Background: Breast Cancer Resistance Protein (BCRP or ABCG2) is a polyspecific effluxtransporter
which belongs to the ATP-binding Cassette superfamily. Up-regulation of BCRP is
associated to multi-drug resistance in a number of conditions, e.g. cancer and epilepsy. Recent
proteomic studies show that high expression levels of BCRP are found in healthy human intestine and at
the blood-brain barrier, limiting the absorption and brain distribution of its substrates. Therefore, the
early recognition of BCRP substrates seems to be crucial in the early phase of drug discovery.

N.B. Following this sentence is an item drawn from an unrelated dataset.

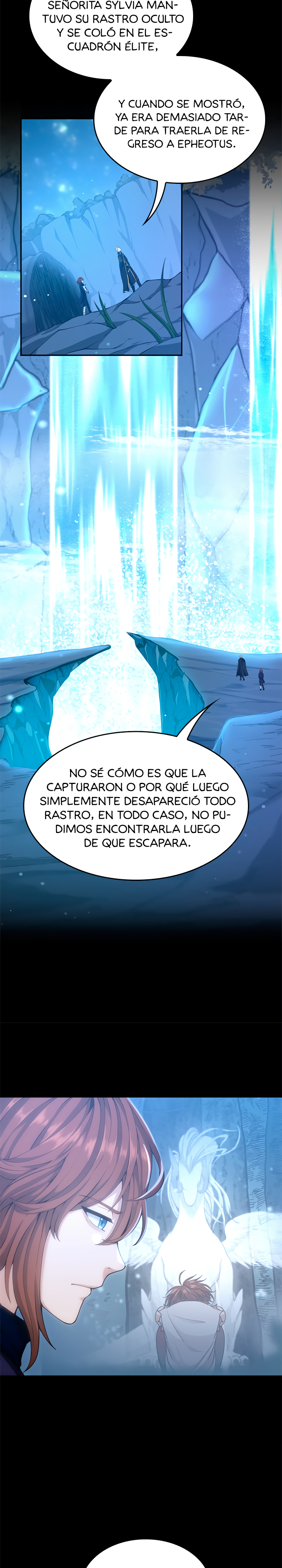Read The Beginning After the End Español Manga Online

Objective: The development of computational models that allow the early detection of BCRP substrates
Method: We have jointly applied the Enhanced Replacement Method and ensemble learning approaches
to obtain combinations of 2D linear classifiers capable of discriminating among substrates and nonsubstrates
of the wild type human BCRP.
Results: The ensemble learning approach combining the 10-Enhanced Replacement Method best
individual models obtained through MAX Operator displayed the best ability to discriminate between
BCRP substrates and non-substrates across all the validation sets/libraries used.
Conclusion: The best model ensemble obtained outperforms previously reported 2D linear classifiers,
showing the ability of the Enhanced Replacement Method and ensemble learning schemes to optimize
the performance of individual models. This is the first application of the Enhanced Replacement
Method to solve classification problems.